Mientras los guerreros descansaban, Menta miró hacia la base cercana y sonrió amargamente: “Sólo tenían seis miembros a la altura de los caballeros novicios, y una arquera femenina. Eso parece ser todo. El mago parece estar sólo en el nivel 8, y ha agotado su maná. Es por eso que elige descansar – los magos pueden tardar días en recuperarse”.

Hubert asintió, hablando con su tono oscuro normal: “El próximo ataque debería ser capaz de derribarlos. Sin embargo, no debería haber sido un problema para Kojo someterlos si son tan débiles. ¿Adónde fue él?”

“¿A quién le importa? ¿Podemos concentrarnos en limpiar su desastre?” Menta se irritó con la sola mención de Kojo, extendió su mano hacia la base y remarcó severamente: “En todo caso, éste es el lugar mencionado por el oráculo.
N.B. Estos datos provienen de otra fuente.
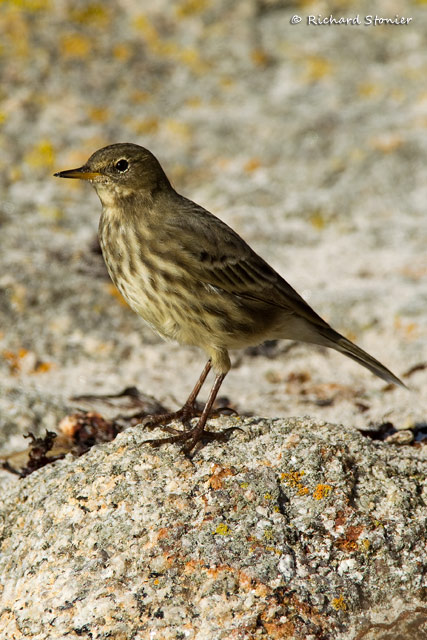 Rock Pipit
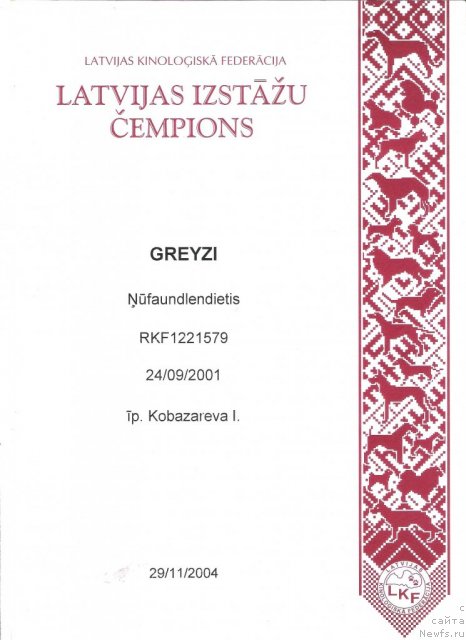 Фото: ньюфаундленд Грейзи (Greyzi)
Conquistarlo es nuestra mayor prioridad. ¡Por supuesto, sería un detalle espléndido si pudiéramos encontrar el cadáver de Kojo en una de las celdas!”

Hubert se encogió de hombros, sin mostrar intención de continuar con el tema.

Menta soltó un escupitajo, maldiciendo una vez más la desconocida localización de Kojo. Girándose para mirar a sus exhaustos soldados y al sacerdote agotado que estaba en el suelo, gritó fuertemente, ” ¡Todos, presten atención! ¡AHORA MISMO! ¡Soldados, prepárense para atacar! “¡Destruyamos a esos intrusos de una vez!”

Los soldados que habían estado descansando se reunieron inmediatamente en formación. Menta explicó a Hubert: “Todavía tenemos once caballeros que pueden luchar, menos dos que tendrán que ocuparse del sacerdote y hacer otros preparativos. Coge a veinticuatro elites y llévalos alrededor del flanco. El terreno allí seguramente no será un problema. Yo me quedaré con el resto, frenando su fuerza principal. Por supuesto, no me importa sacar a todos de esos muros. ¡Vete!”

Hubert llamó instantáneamente a cuatro caballeros y a unos élites, desviándose hacia el costado de la base. Menta y el resto de los caballeros levantaron sus escudos, llevando a sus tropas en formación cerrada mientras daban pasos firmes hacia la base preparándose para un ataque.

Gangdor y el resto se subieron a los muros una vez más, con Olar colocándose en una buena posición. Sin embargo, el arquero no representaba una gran amenaza para esta pared de escudos. Y aunque Olar pudiera derribar a un enemigo por cada flecha que disparara, el número de muertos seguiría siendo contado con sus dedos para el momento en que cargaran contra la parte baja de los muros.

Parados en el punto más alto, los soldados también vieron a las tropas que Sir Hubert había traído para flanquearlos, pero sólo fueron capaces de enviar dos guerreros para detenerlos.